MoC Quantum Dots@N-Doped-Carbon for Low-Cost and Efficient Hydrogen Evolution Reaction: From Electrocatalysis to Photocatalysis

Abstract

Sustainable and highly efficient non-noble metal catalysts could facilitate the realization of closed-loop and carbon-neutral hydrogen (H2) economy via low-cost electrocatalytic (EC) or photocatalytic (PC) H2 evolution reaction (HER) from water. Herein, molybdenum carbide (MoC) quantum dots onto N-doped porous carbon are in situ synthesized and immobilized, resulting in a bifunctional catalyst MoC@NC. Density functional theory calculation suggests that the targeted catalyst has a suitable Gibbs free-energy (ΔGH*) for the adsorption of atomic hydrogen, which is beneficial to both EC and PC HERs. For EC HER, the as-prepared MoC@NC catalyst delivers a low overpotential of 160 mV at −10 mA cm−2 and a remarkable H2 evolution rate in alkaline electrolytes.
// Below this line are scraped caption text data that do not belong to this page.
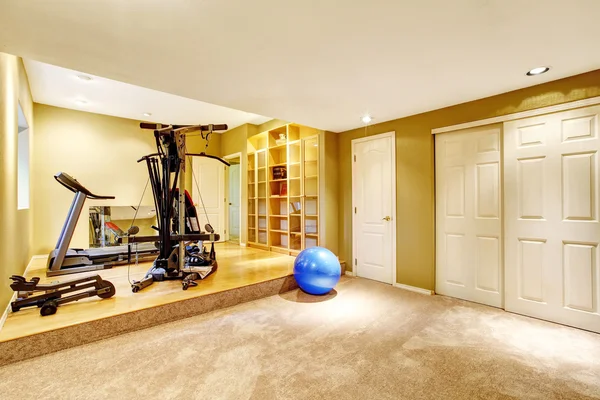 Yellow walls gym room with window. View of exercise equipments.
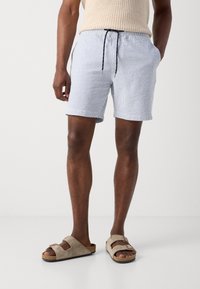 Men's light blue patterned shorts made of textured fabric, featuring an elastic waistband with drawstring and side pockets, paired with beige sandals.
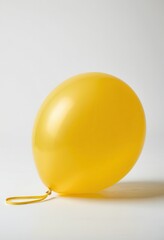 Bright yellow balloon, perfect for celebrations and fun parties.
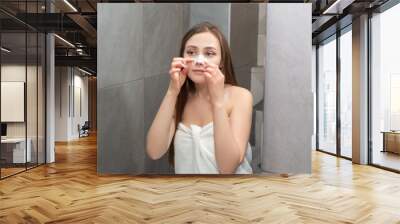 Young woman recovers a strip on her nose for deep cleansing of the skin on her nose. Concept of facial skin care in the bathroom every morning. Wall mural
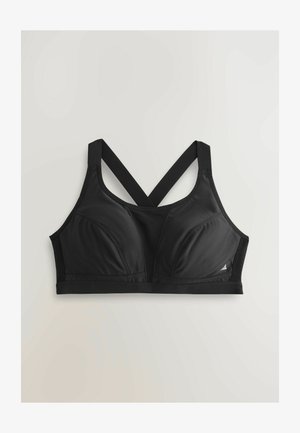 Must spordirinnahoidja vormitud tasside, laiade ristpitsade ja sileda kangaga. Omaduseks on pehme logo ja allosas elastne riba.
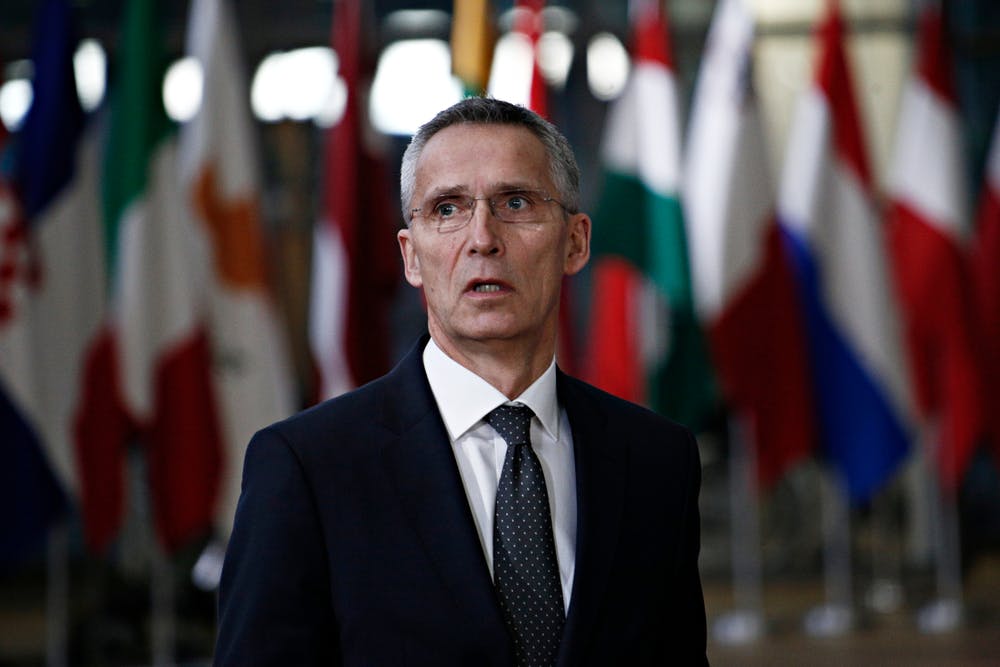 Jens Stoltenberg standing in front of flags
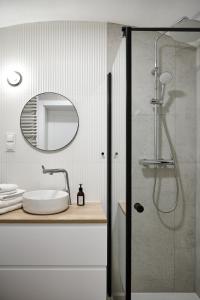 a bathroom with a shower with a sink and a mirror at THE HOUSE near Lake & Old Town in Olsztyn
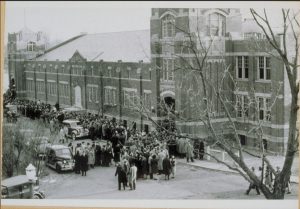 A photo from 1940 of Hawley Armory, showing the front of the building crowded with people and cars on the day of a UConn basketball game.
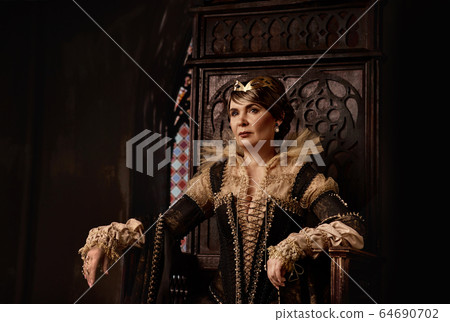 Mature woman in costume of queen Mature woman in costume of queen 64690702
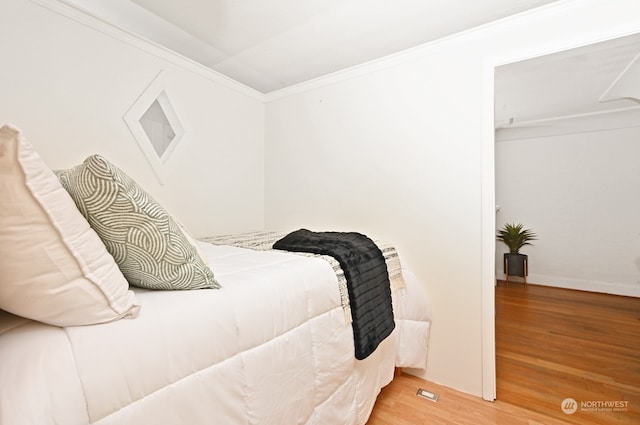 bedroom featuring hardwood / wood-style floors and crown molding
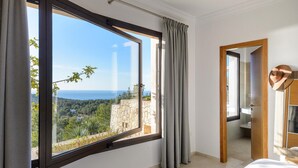 Een slaapkamer met een groot raam dat uitzicht biedt op een bergachtig landschap.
For PC HER, MoC@NC couple with 2D graphitic carbon nitride (g-C3N4), which significantly reduces the PC HER energy barrier and enhances the separation efficiency of photogenerated carriers, and consequently, achieves an outstanding photocatalytic H2 evolution rate of 1709 µmol h−1 g−1, which is 213-fold of that of pure g-C3N4. This study paves a new avenue for developing sustainable non-noble metal catalysts for both EC and PC HERs.